Reversible logic is fundamental to quantum circuit design, as quantum operations are inherently information-preserving and reversible. While most quantum synthesis methods rely on binary logic, quaternary reversible computing can increase data density, reduce circuit width, and potentially lead to more efficient realizations. We introduce a genetic-algorithm-based approach for designing compact quaternary reversible comparator circuits, which are important components in quantum architectures.
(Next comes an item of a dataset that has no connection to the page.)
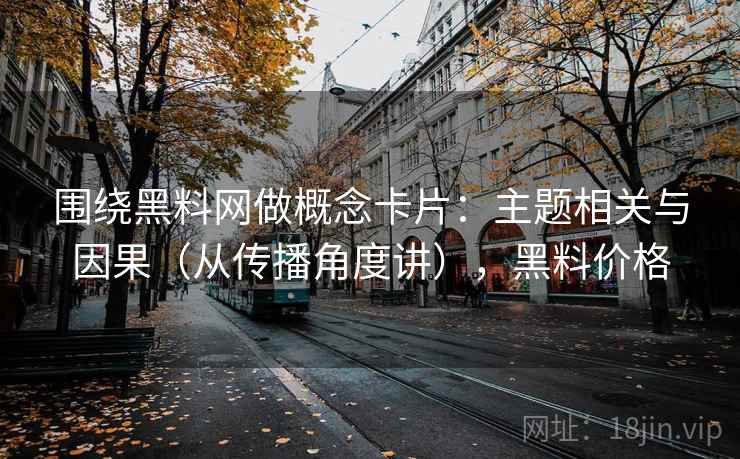 围绕黑料网做概念卡片:主题相关与因果(从传播角度讲),黑料价格 围绕黑料网做概念卡片:主题相关与因果(从传播角度讲),黑料价格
This technique utilizes a gate library based on extended Shift and Muthukrishnan–Stroud gates tailored to quaternary systems. Chromosomes encode sequences of quaternary gates, and evolutionary operators search for configurations with minimal quantum cost. Although demonstrated on comparator circuits, the approach applies to any quaternary reversible circuit defined by its truth table. The synthesis process occurs in two phases: candidate circuits first evolve toward correct behavior; then correct circuits are optimized to obtain compact implementations. We evaluate the approach on comparators performing lower-than, greater-than, and equality operations, as well as on a 1-qudit full comparator. The method achieves average quantum cost improvements of about 30% for restoring and 58% for non-restoring configurations compared to existing designs. These reductions support more efficient and more error-resilient quantum circuits, showing that this approach is a strong candidate for quaternary quantum systems.